**WHAT TO PRODUCE**
Where an entry contains an image, skip the image and print the rest exactly.
---
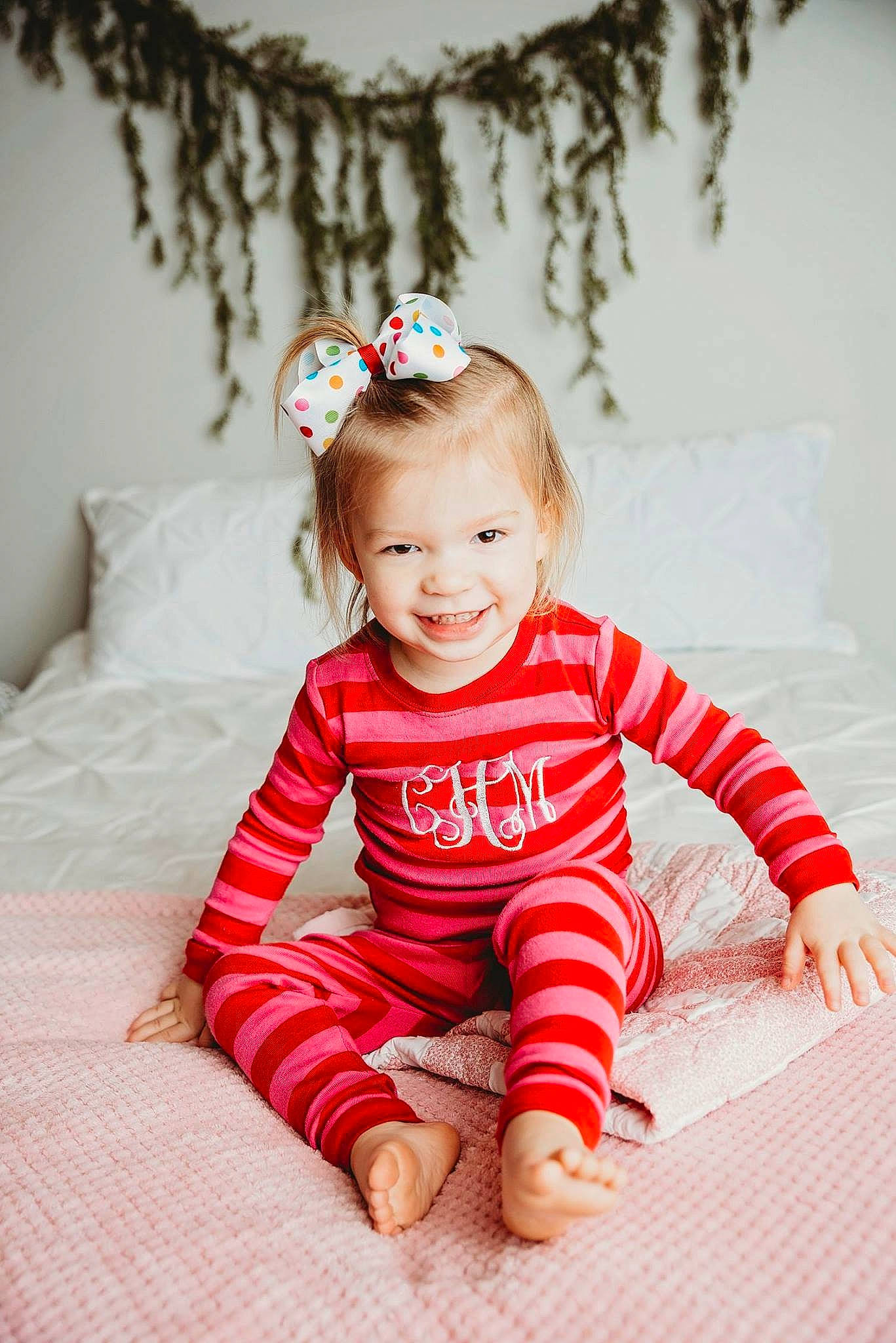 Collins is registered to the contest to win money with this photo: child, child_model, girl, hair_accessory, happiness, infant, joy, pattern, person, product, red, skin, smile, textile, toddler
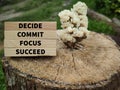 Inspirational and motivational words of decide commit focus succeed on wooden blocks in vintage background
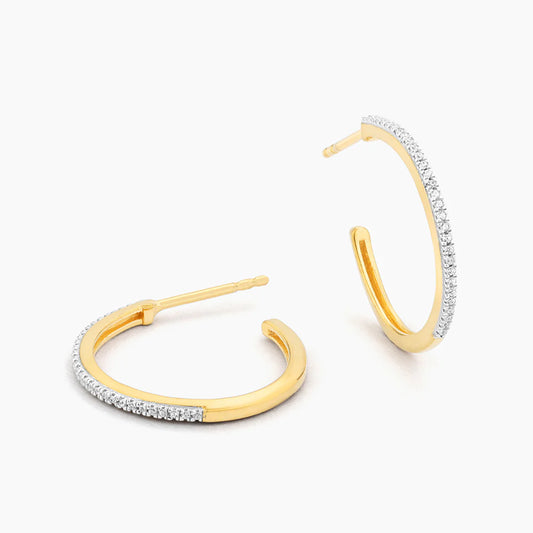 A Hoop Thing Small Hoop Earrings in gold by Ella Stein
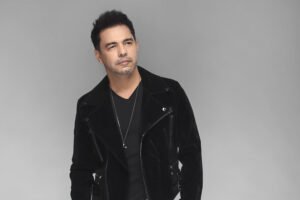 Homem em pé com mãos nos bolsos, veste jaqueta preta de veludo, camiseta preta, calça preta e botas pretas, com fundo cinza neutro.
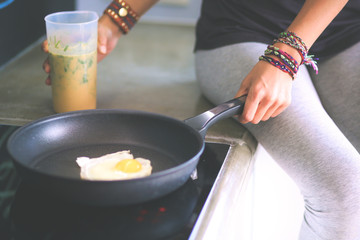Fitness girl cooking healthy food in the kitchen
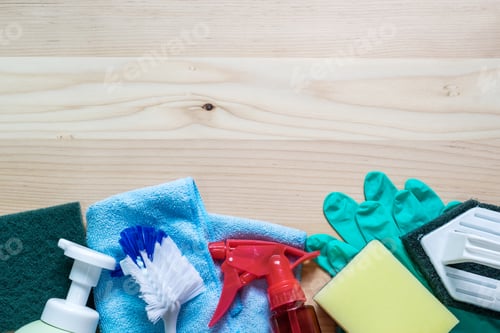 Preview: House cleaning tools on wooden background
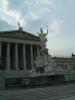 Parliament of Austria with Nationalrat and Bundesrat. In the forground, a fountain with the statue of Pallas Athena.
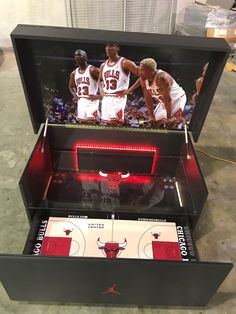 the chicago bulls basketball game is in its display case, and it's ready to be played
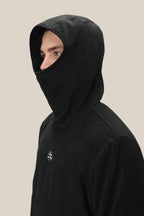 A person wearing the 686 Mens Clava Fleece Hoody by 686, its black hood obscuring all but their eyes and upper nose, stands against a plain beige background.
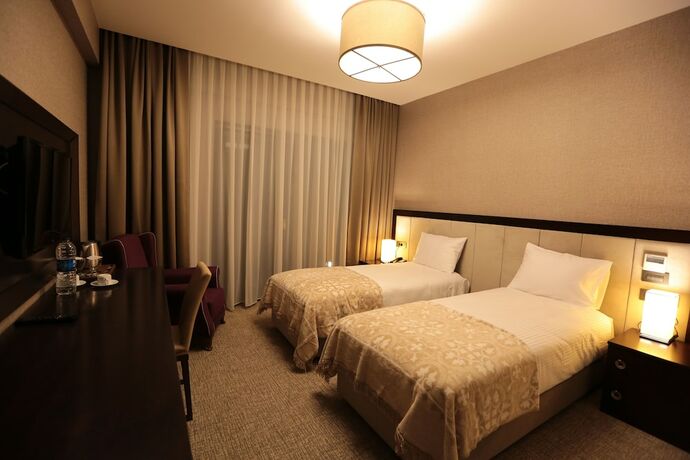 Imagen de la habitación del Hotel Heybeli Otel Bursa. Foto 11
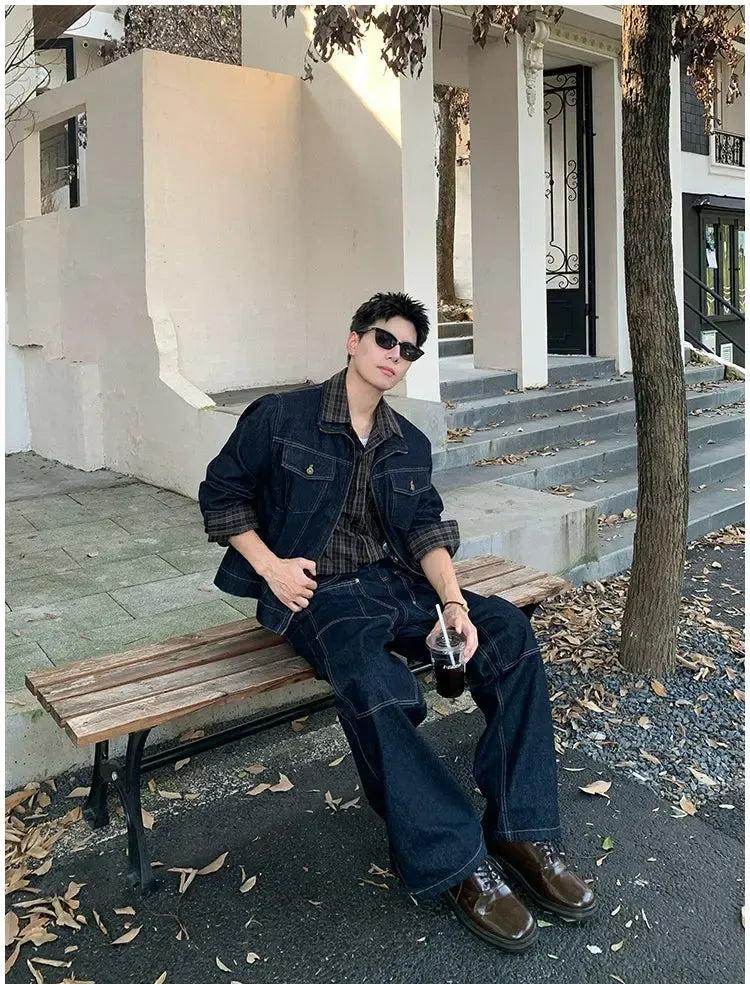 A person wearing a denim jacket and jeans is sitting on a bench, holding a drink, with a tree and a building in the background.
---
**RESULT FOR THIS TASK**
 Collins is registered to the contest to win money with this photo: child, child_model, girl, hair_accessory, happiness, infant, joy, pattern, person, product, red, skin, smile, textile, toddler
 Inspirational and motivational words of decide commit focus succeed on wooden blocks in vintage background
 A Hoop Thing Small Hoop Earrings in gold by Ella Stein
 Homem em pé com mãos nos bolsos, veste jaqueta preta de veludo, camiseta preta, calça preta e botas pretas, com fundo cinza neutro.
Fitness girl cooking healthy food in the kitchen
 Preview: House cleaning tools on wooden background
 Parliament of Austria with Nationalrat and Bundesrat. In the forground, a fountain with the statue of Pallas Athena.
 the chicago bulls basketball game is in its display case, and it's ready to be played
 A person wearing the 686 Mens Clava Fleece Hoody by 686, its black hood obscuring all but their eyes and upper nose, stands against a plain beige background.
 Imagen de la habitación del Hotel Heybeli Otel Bursa. Foto 11
 A person wearing a denim jacket and jeans is sitting on a bench, holding a drink, with a tree and a building in the background.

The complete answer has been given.